Associate-Level Service Selection Guide #
Exam Rule #
For AWS SAA-C03, apply the “Snowball Threshold” decision tree:
- Data volume < 10 TB + good bandwidth: Use AWS DataSync or Direct Copy (CLI/SDK)
- Data volume > 10 TB + limited bandwidth: Use AWS Snowball family
- Data volume > 10 PB: Use AWS Snowmobile (literal shipping container)
- Keyword triggers: “minimal bandwidth,” “limited internet,” “large-scale one-time migration” → Snowball
Real World #
In production environments, the decision gets more nuanced:
-
Hybrid Approach: Companies often use Snowball for the initial bulk load (70 TB), then set up AWS DataSync or S3 File Gateway for incremental updates if the archive starts growing again.
-
Snowball Family Selection:
- Snowball Edge Storage Optimized: 80 TB usable (this scenario)
- Snowball Edge Compute Optimized: 42 TB + GPU for edge processing
- Multiple devices: For 70 TB, one device suffices, but larger datasets can parallelize with multiple devices
-
Pre-Migration Optimization: Real architects would:
- Run deduplication analysis (video files often have duplicates)
- Consider compression (though video is already compressed)

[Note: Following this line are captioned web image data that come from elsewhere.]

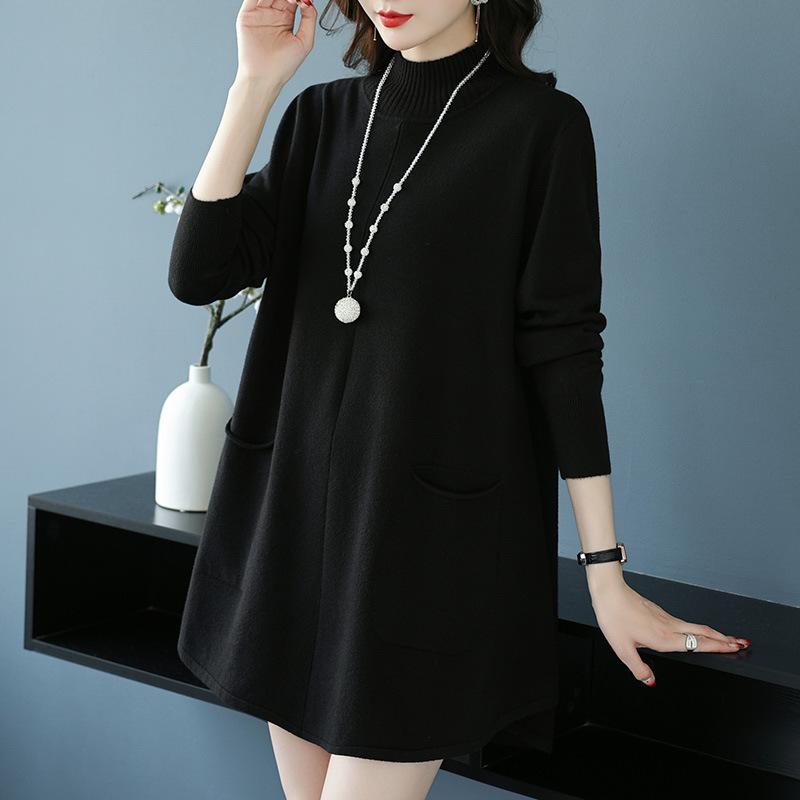 Свитер с полувысоким воротом большого размера, свободный и повседневный пуловер средней длины для женщин, однотонное вязаное платье А-силуэта
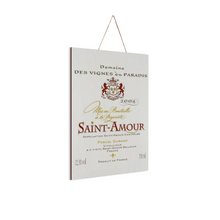 Load image into Gallery viewer, Wine Label Themed Decor - Saint Amour Wine  Label Print on Wooden Plaque 8" x 12" Made in the USA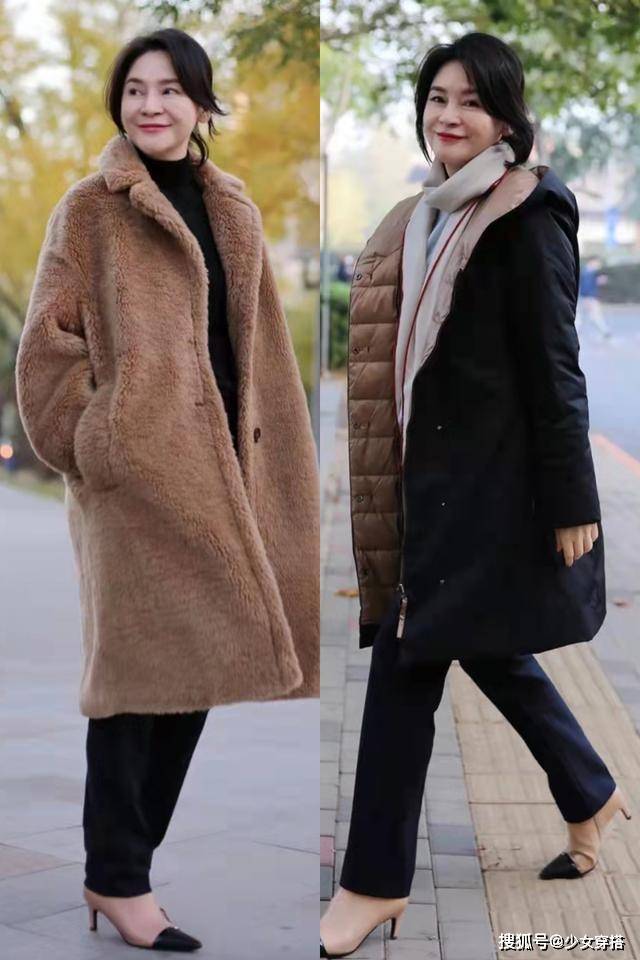 黑色 “大衣+长靴、羽绒服+短靴”才是60+岁女人的秋冬打扮！优雅舒适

- Evaluate S3 Intelligent-Tiering or Glacier for immediate cost savings post-migration
-
Network Reality Check: The 100 Mbps assumption is generous. Real-world throughput with:
- VPN overhead: -15-20%
- Concurrent business usage: -30-50%
- Protocol overhead (TCP, SSL): -10-15%
- Effective transfer rate: 30-50 Mbps, extending internet-based migration to 4-6 months
-
Post-Migration Architecture: After migration, MediaStream would likely implement:
- S3 Lifecycle Policies: Move infrequently accessed footage to S3 Glacier
- CloudFront: For global distribution to remote editing teams
- S3 Batch Operations: For metadata tagging and organization
Real-World Application (Practitioner Insight) #
Exam Rule #
For the AWS SAA-C03 exam: “When you see ’large dataset’ (>10 TB) + ‘minimal bandwidth’ or ’limited network’ → immediately eliminate internet-based solutions and select Snowball/Snowmobile.”
Real World #
In actual customer engagements, I’ve seen three common patterns:
-
The “We Have Fiber” Trap: A client insisted their “1 Gbps fiber” could handle 50 TB. Reality: Sustained throughput was 300 Mbps due to ISP throttling and firewall limitations. After 3 weeks of failed transfers, they requested a Snowball. Lesson: Always test actual sustained throughput before committing to internet-based migration.
-
The Snowball + DataSync Combo: A media company used Snowball for 100 TB initial load, then deployed AWS DataSync for daily incremental transfers of new footage (50-200 GB/day). This hybrid approach is the production standard.
-
The Direct Connect Justification: Direct Connect made sense for a broadcasting company that needed ongoing 10 Gbps connectivity for live streaming workflows. They amortized the setup cost across 3 years of usage. But for one-time migration? Never worth it.
-
Multi-Region Consideration: For global media companies, sometimes we ship Snowball devices to multiple regional offices simultaneously, consolidating data into a single S3 bucket with cross-region replication for disaster recovery.
Disclaimer
This is a study note based on simulated scenarios for the AWS SAA-C03 exam. It is not an official question from AWS or the certification body. The scenario, company name, and specific details have been rewritten for educational purposes while preserving core technical concepts.